╔══
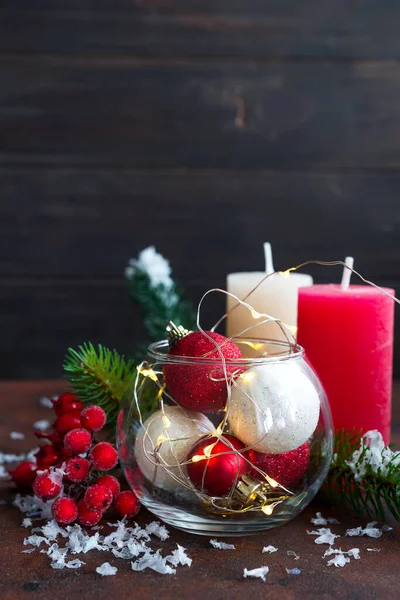 Bola de Natal vermelha e branca em um frasco de vidro, velas coloridas, ramos de abeto e bagas em um fundo de pedra escura com espaço de cópia — Fotografia de Stock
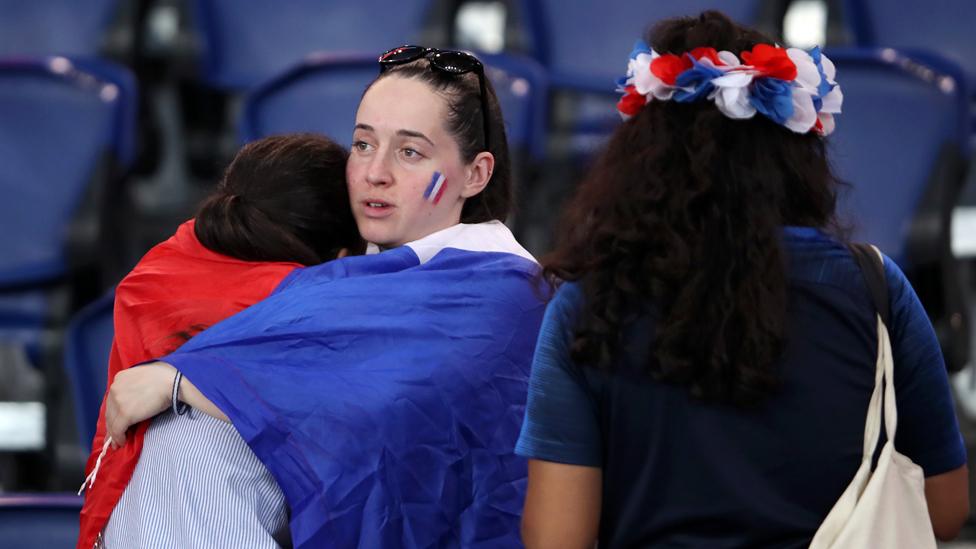 French fans after their loss to the USA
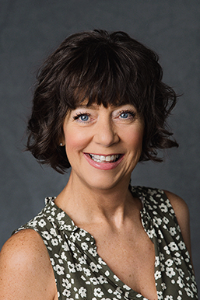 A fair skin toned woman with brown hair and a patterned sleeveless shirt. She is smiling.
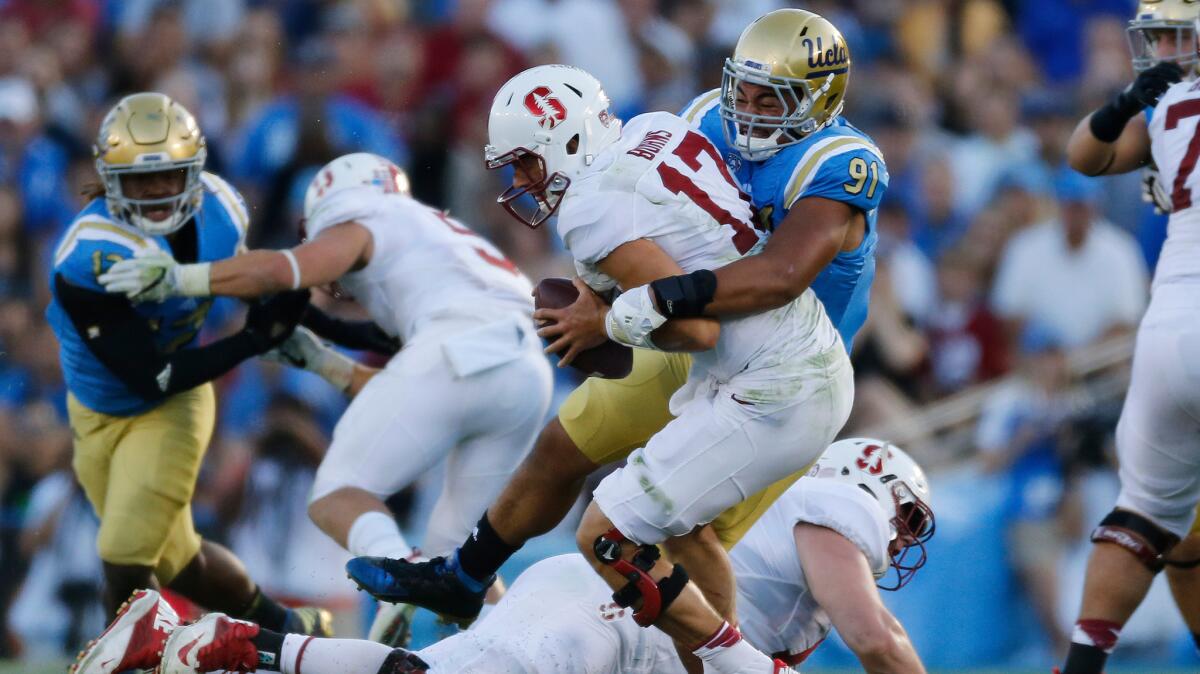 UCLA defensive lineman Jacob Tuioti-Mariner (91) sacks Stanford quarterback Ryan Burns (17) during the first half of a game at the Rose Bowl on Sept. 24.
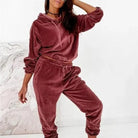Woman wearing a stylish red velour tracksuit set, featuring a hoodie and jogger pants. Perfect for casual wear, comfortable and trendy fashion.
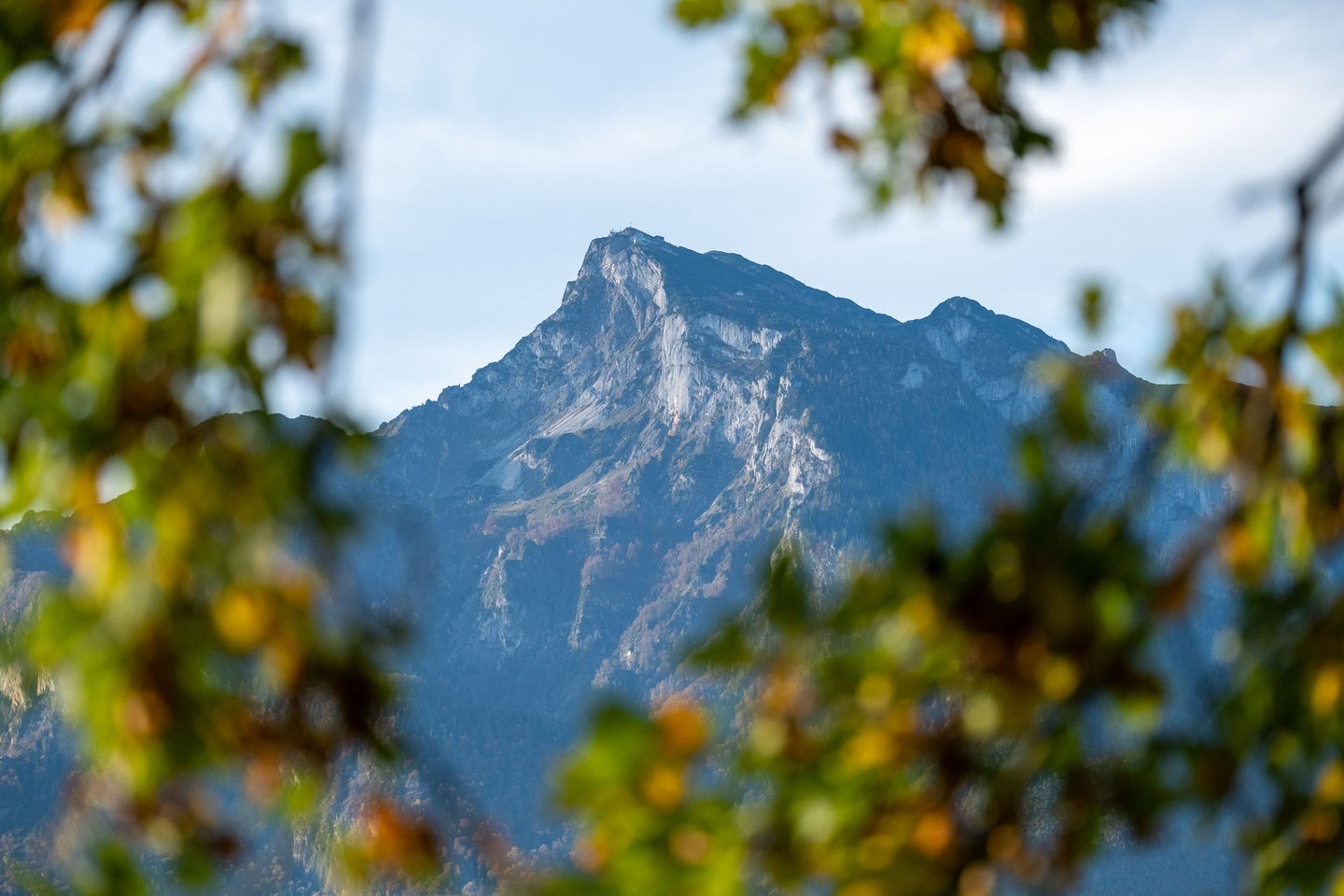 Untersberg rocky summit framed by autumn leaves from a distant vantage near Salzburg.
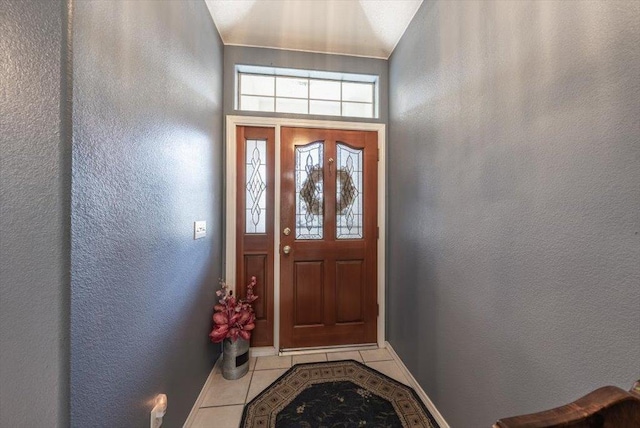 3159 Cedar Creek Ln, Madera, CA 93637 - doorway with tile patterned floors, a textured wall, and baseboards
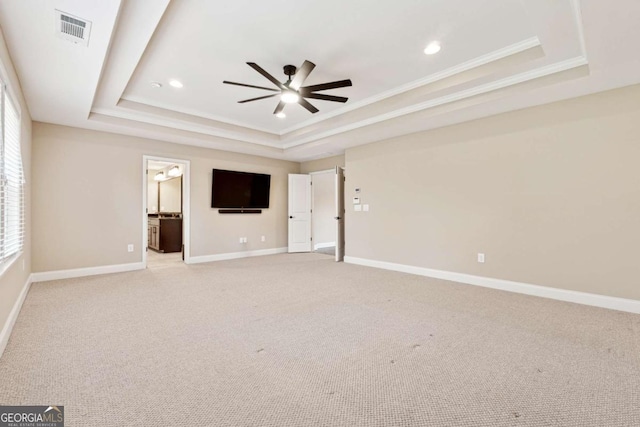 carpeted spare room with ceiling fan, a tray ceiling, and ornamental molding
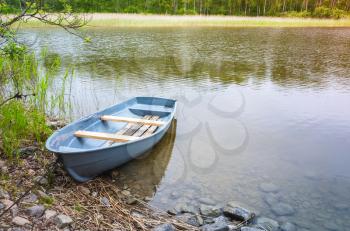 Small blue rowboat lays on coast of still lake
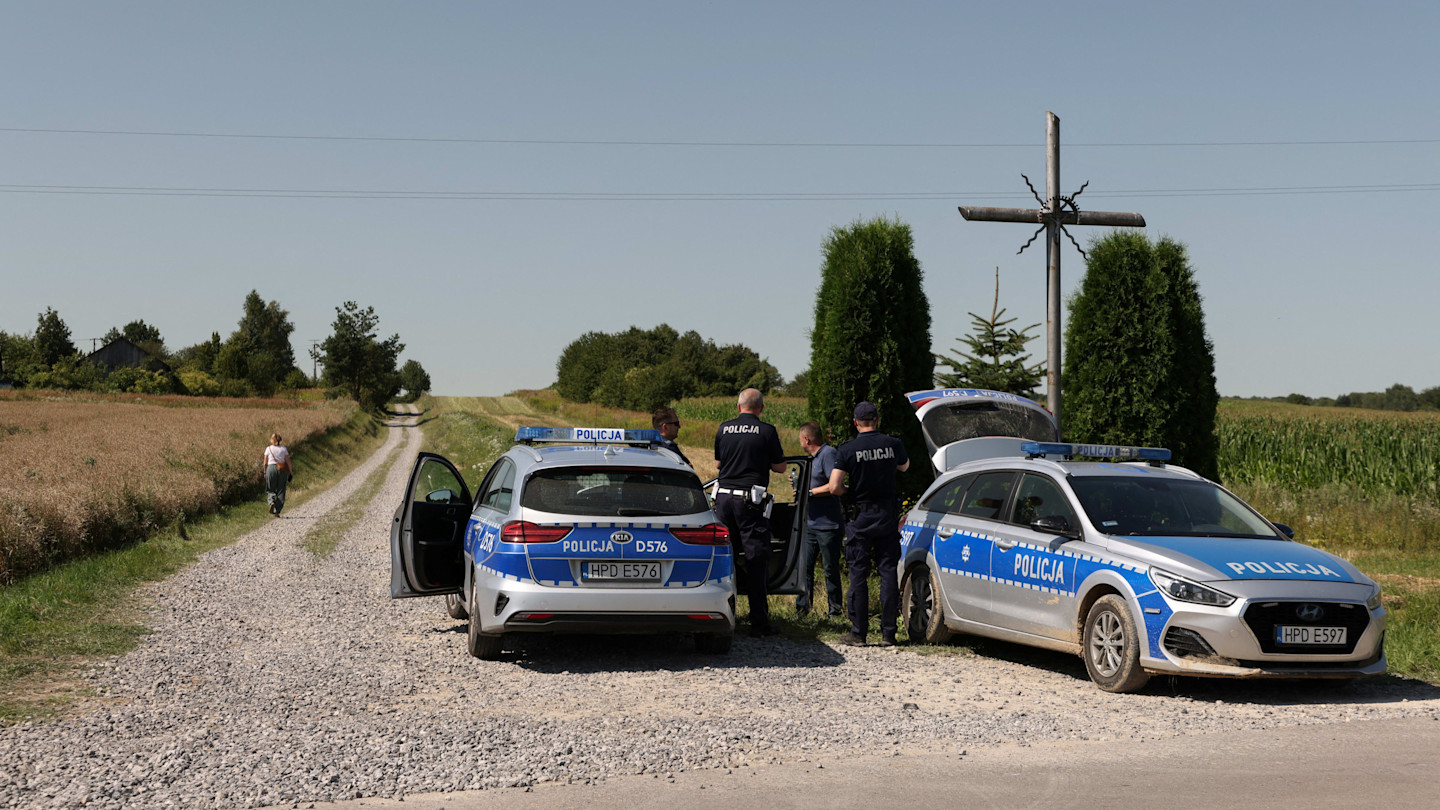 Several police officers stand near two police vehicles parked on a rural road by a field, next to a large cross and trees.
╚══
WORK REQUEST:
All of the listing is to be written out exactly, with the pictures left out.

SOLUTION:
 Bola de Natal vermelha e branca em um frasco de vidro, velas coloridas, ramos de abeto e bagas em um fundo de pedra escura com espaço de cópia — Fotografia de Stock
 French fans after their loss to the USA
 A fair skin toned woman with brown hair and a patterned sleeveless shirt. She is smiling.
 UCLA defensive lineman Jacob Tuioti-Mariner (91) sacks Stanford quarterback Ryan Burns (17) during the first half of a game at the Rose Bowl on Sept. 24.
Woman wearing a stylish red velour tracksuit set, featuring a hoodie and jogger pants. Perfect for casual wear, comfortable and trendy fashion.
 Untersberg rocky summit framed by autumn leaves from a distant vantage near Salzburg.
 3159 Cedar Creek Ln, Madera, CA 93637 - doorway with tile patterned floors, a textured wall, and baseboards
 carpeted spare room with ceiling fan, a tray ceiling, and ornamental molding
 Small blue rowboat lays on coast of still lake
 Several police officers stand near two police vehicles parked on a rural road by a field, next to a large cross and trees.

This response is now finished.